What you should do: Please give the records below again in full, exactly, with the images left out.
┌─ Data for the task
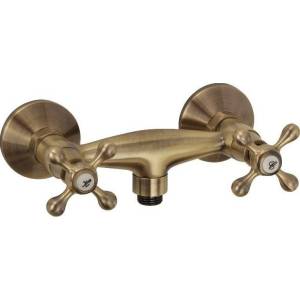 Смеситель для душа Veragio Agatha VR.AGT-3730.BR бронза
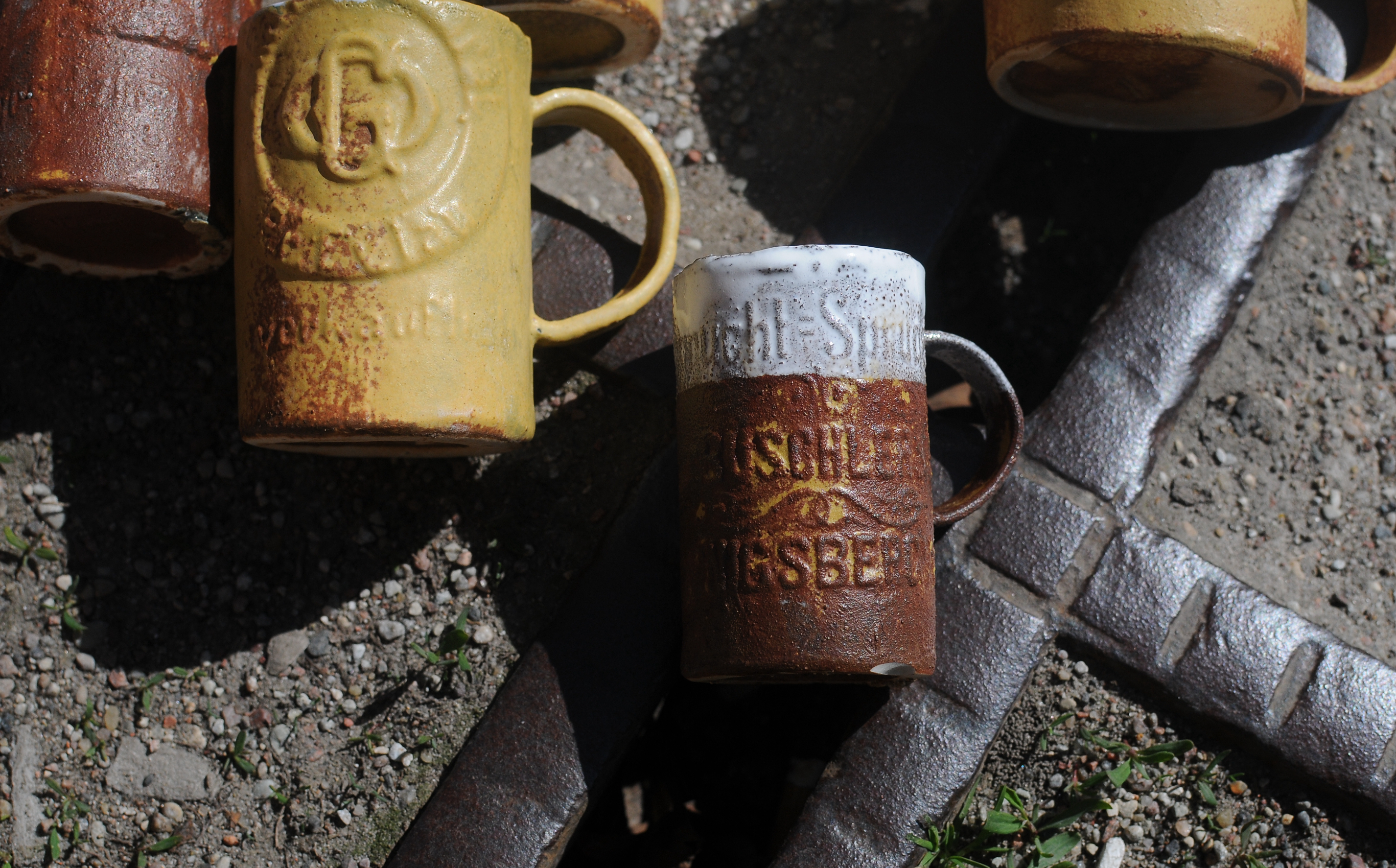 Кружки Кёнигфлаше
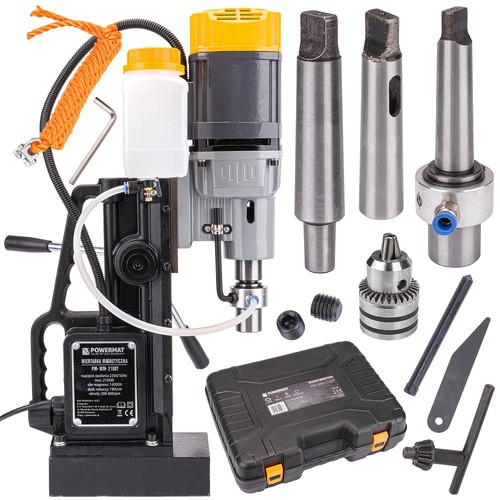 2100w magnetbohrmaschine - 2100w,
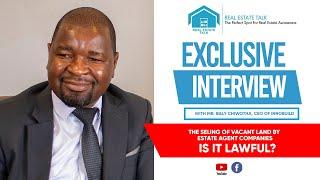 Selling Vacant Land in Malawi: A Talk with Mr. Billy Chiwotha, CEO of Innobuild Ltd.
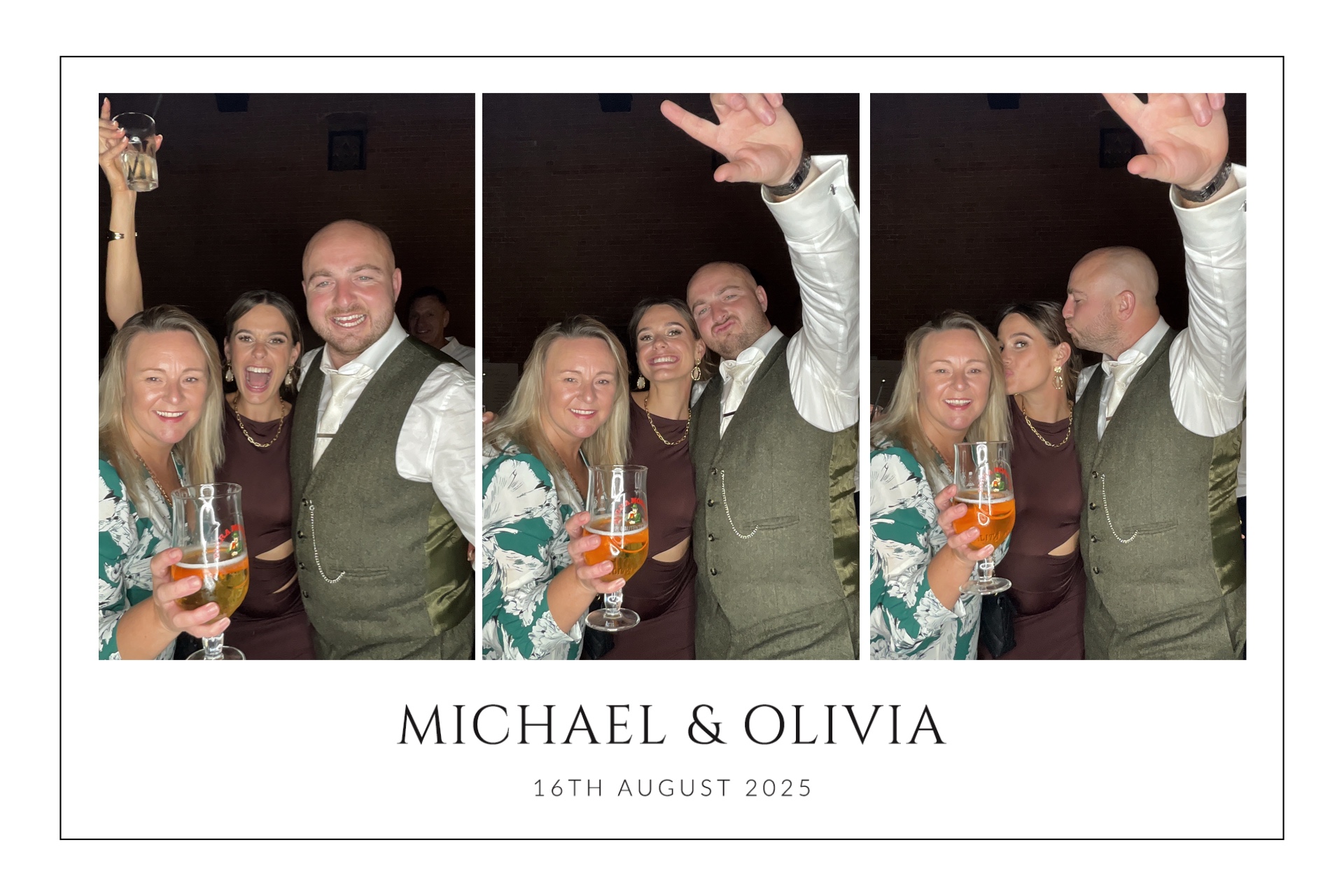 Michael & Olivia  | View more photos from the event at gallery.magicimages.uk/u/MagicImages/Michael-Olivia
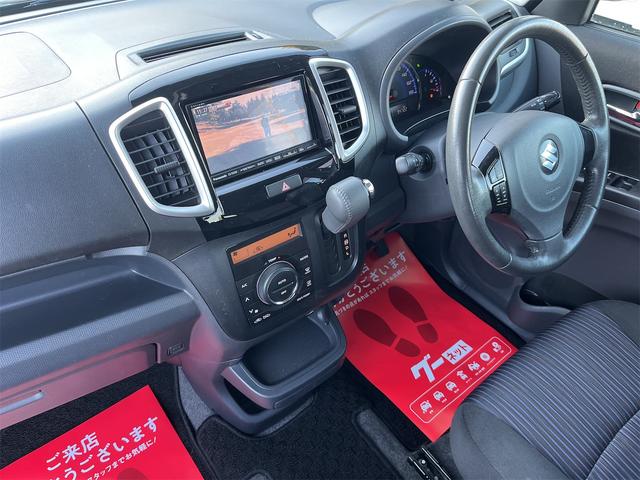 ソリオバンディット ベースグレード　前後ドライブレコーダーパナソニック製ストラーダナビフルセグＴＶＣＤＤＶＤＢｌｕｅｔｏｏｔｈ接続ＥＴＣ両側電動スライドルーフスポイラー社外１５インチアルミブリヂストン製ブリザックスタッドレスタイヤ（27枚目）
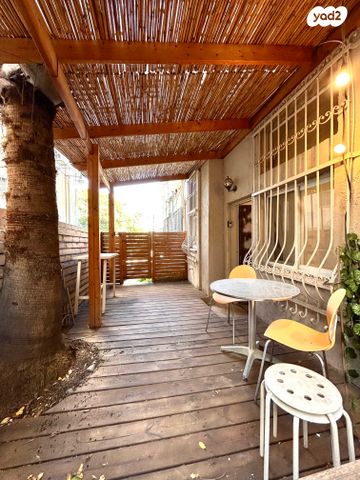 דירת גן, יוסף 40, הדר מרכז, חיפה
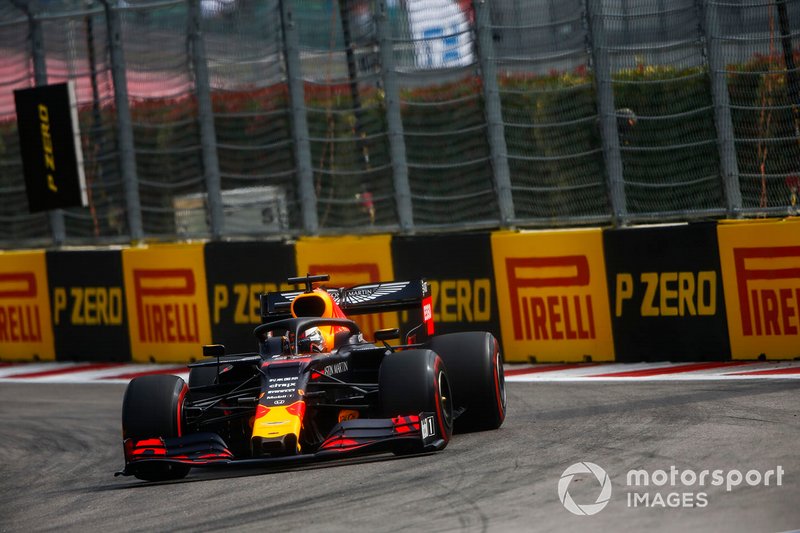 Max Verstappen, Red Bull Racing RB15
└─
Task answer:
 Смеситель для душа Veragio Agatha VR.AGT-3730.BR бронза
 Кружки Кёнигфлаше
 2100w magnetbohrmaschine - 2100w,
 Selling Vacant Land in Malawi: A Talk with Mr. Billy Chiwotha, CEO of Innobuild Ltd.
 Michael & Olivia  | View more photos from the event at gallery.magicimages.uk/u/MagicImages/Michael-Olivia
 ソリオバンディット ベースグレード　前後ドライブレコーダーパナソニック製ストラーダナビフルセグＴＶＣＤＤＶＤＢｌｕｅｔｏｏｔｈ接続ＥＴＣ両側電動スライドルーフスポイラー社外１５インチアルミブリヂストン製ブリザックスタッドレスタイヤ（27枚目）
 דירת גן, יוסף 40, הדר מרכז, חיפה
 Max Verstappen, Red Bull Racing RB15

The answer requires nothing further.